• [Goal of the exercise]: The lines from the one containing "a crocheted yellow" to the end of the entries, both included, are what you need to transcribe exactly, without pictures and without anything else.

[Scraped caption text data]
□ □ □
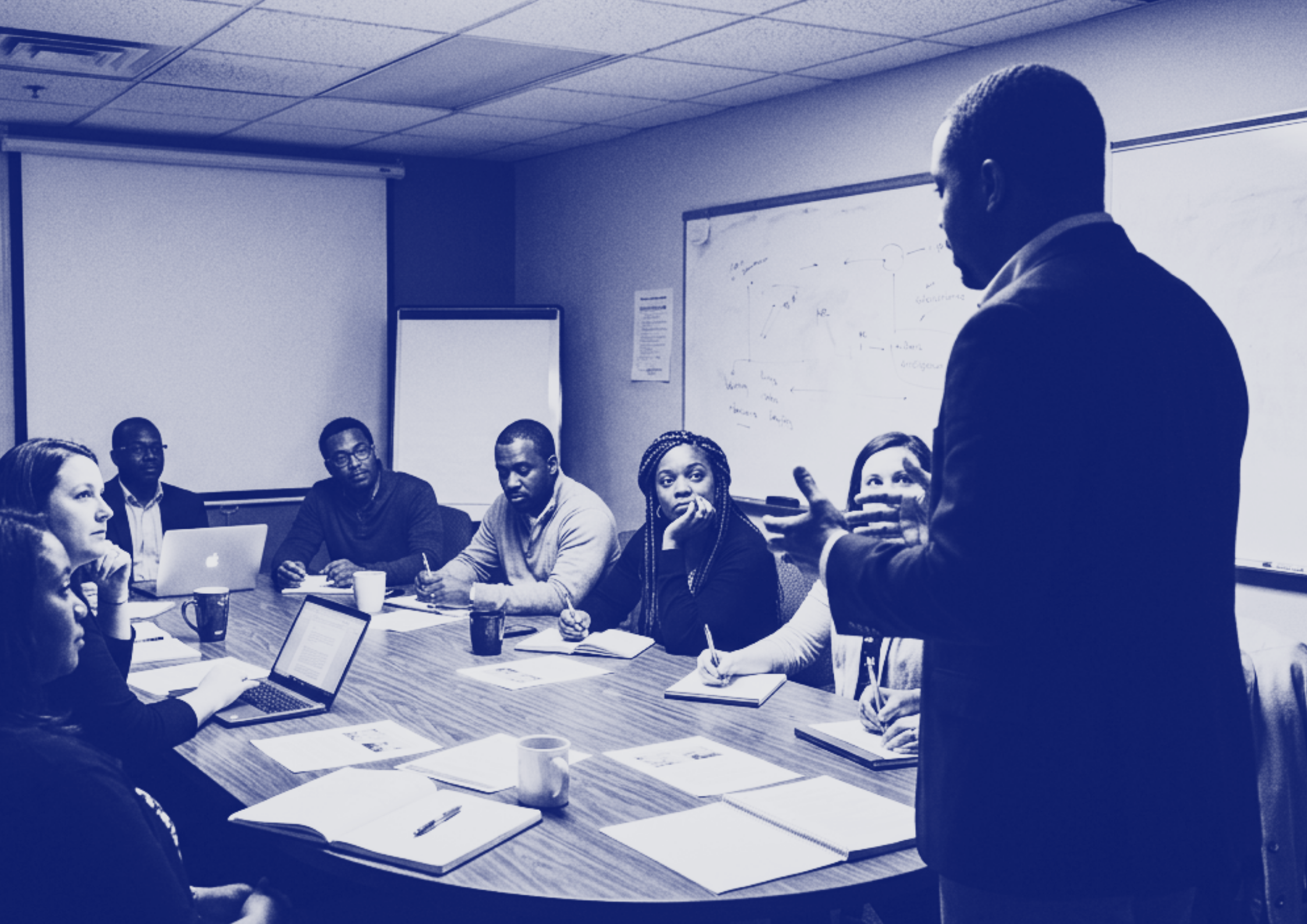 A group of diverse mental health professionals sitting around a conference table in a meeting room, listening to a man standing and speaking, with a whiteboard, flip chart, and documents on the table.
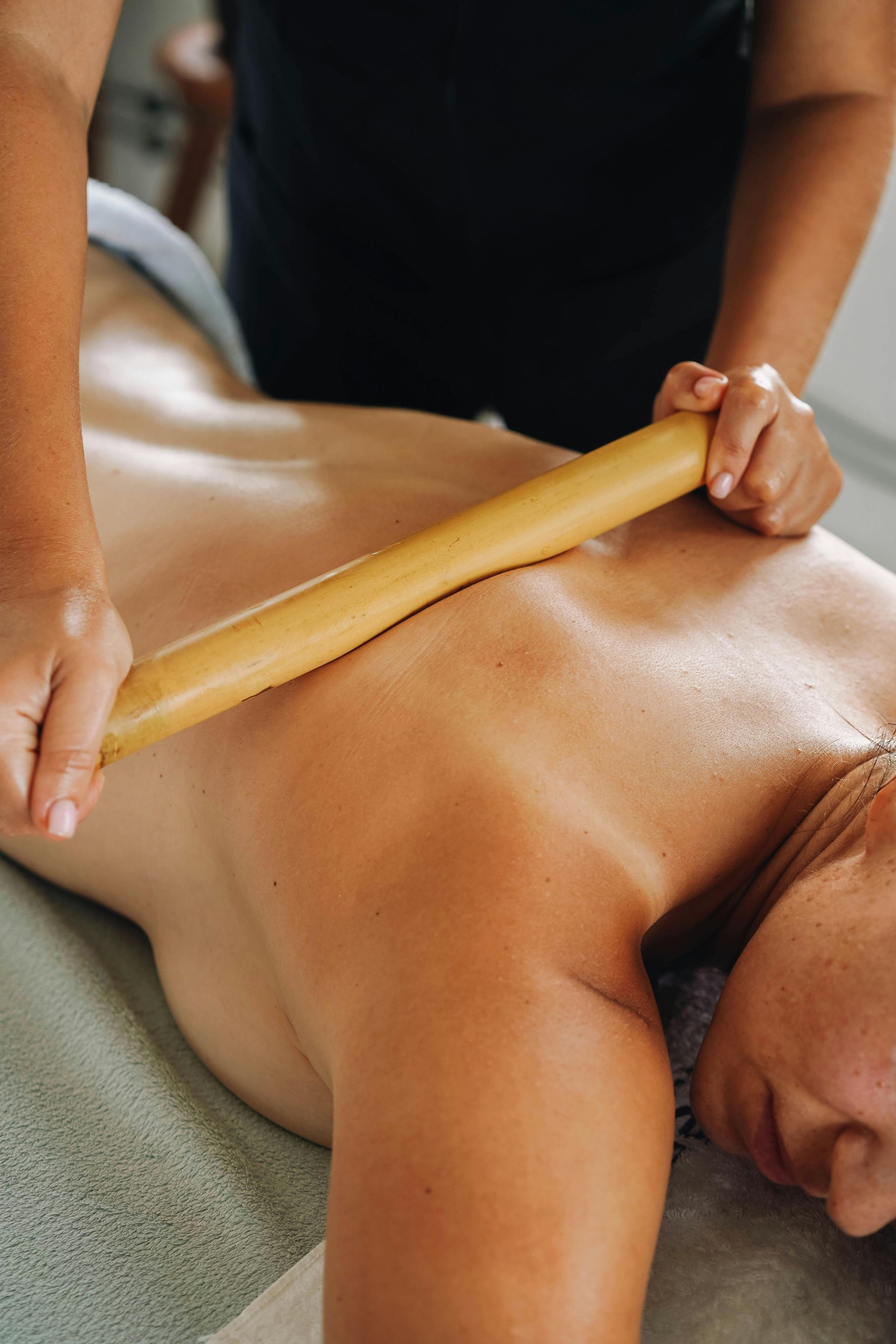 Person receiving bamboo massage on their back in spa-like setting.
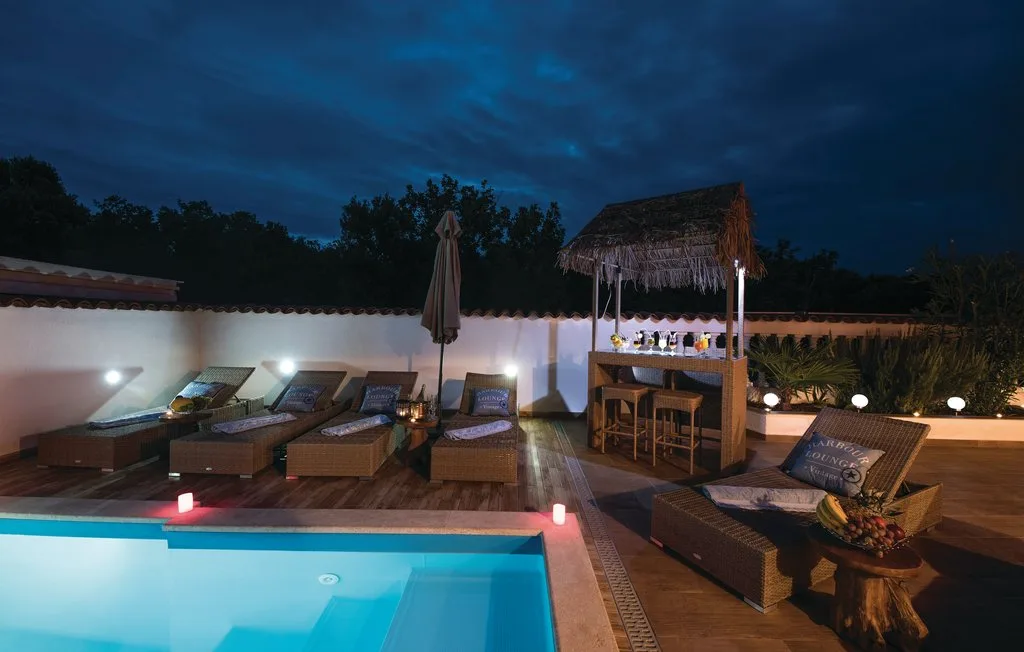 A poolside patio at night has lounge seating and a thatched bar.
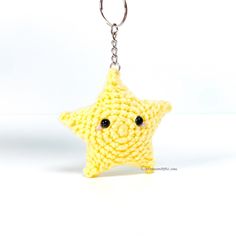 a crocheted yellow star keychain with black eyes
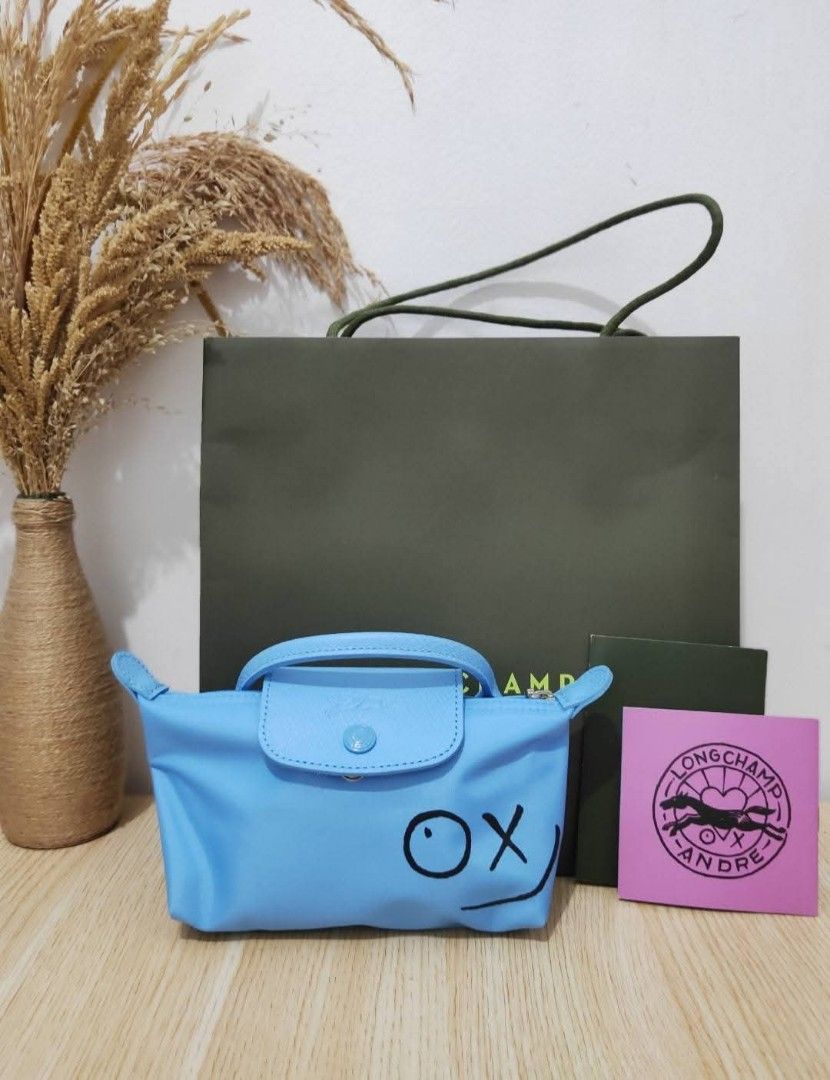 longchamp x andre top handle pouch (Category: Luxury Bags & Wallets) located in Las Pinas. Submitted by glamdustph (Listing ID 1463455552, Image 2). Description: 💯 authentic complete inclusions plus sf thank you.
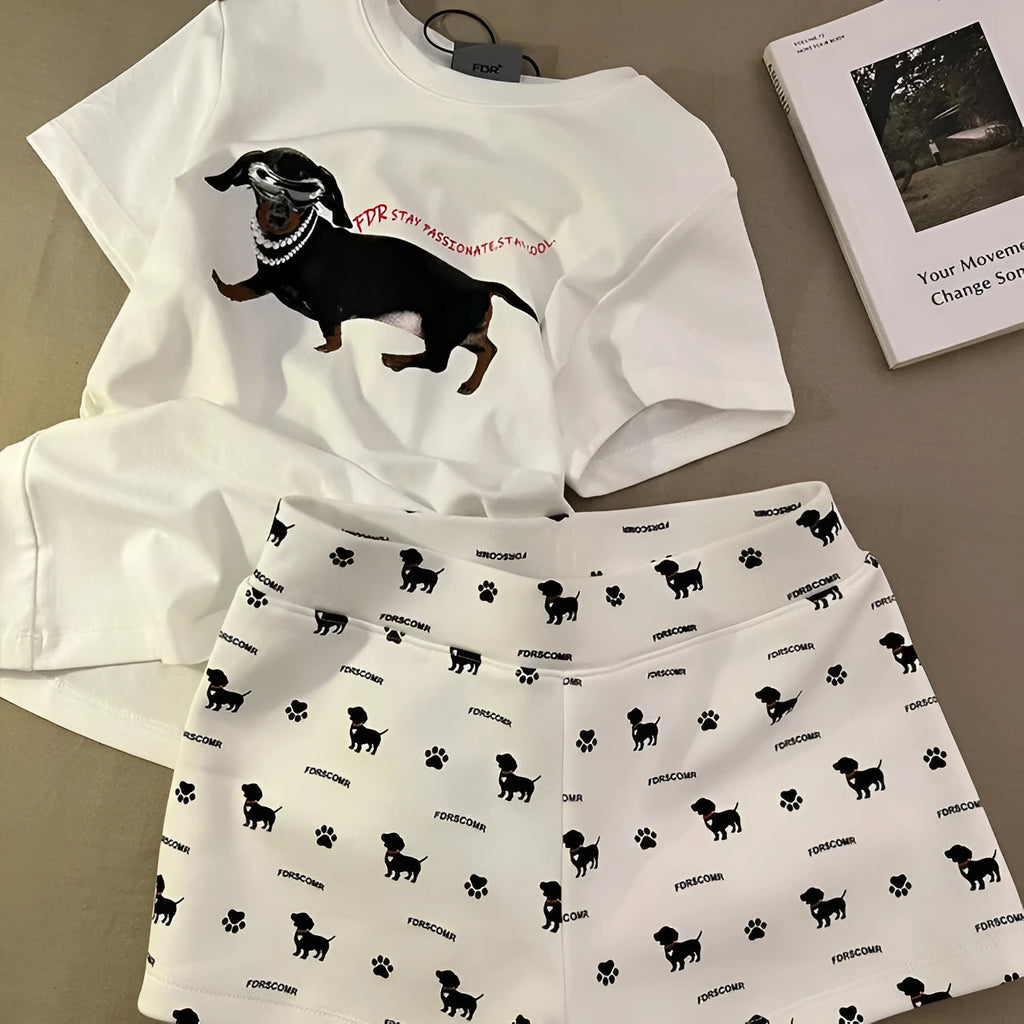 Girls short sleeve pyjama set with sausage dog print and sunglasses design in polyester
□ □ □
• [Written answer]:
 a crocheted yellow star keychain with black eyes
 longchamp x andre top handle pouch (Category: Luxury Bags & Wallets) located in Las Pinas. Submitted by glamdustph (Listing ID 1463455552, Image 2). Description: 💯 authentic complete inclusions plus sf thank you.
 Girls short sleeve pyjama set with sausage dog print and sunglasses design in polyester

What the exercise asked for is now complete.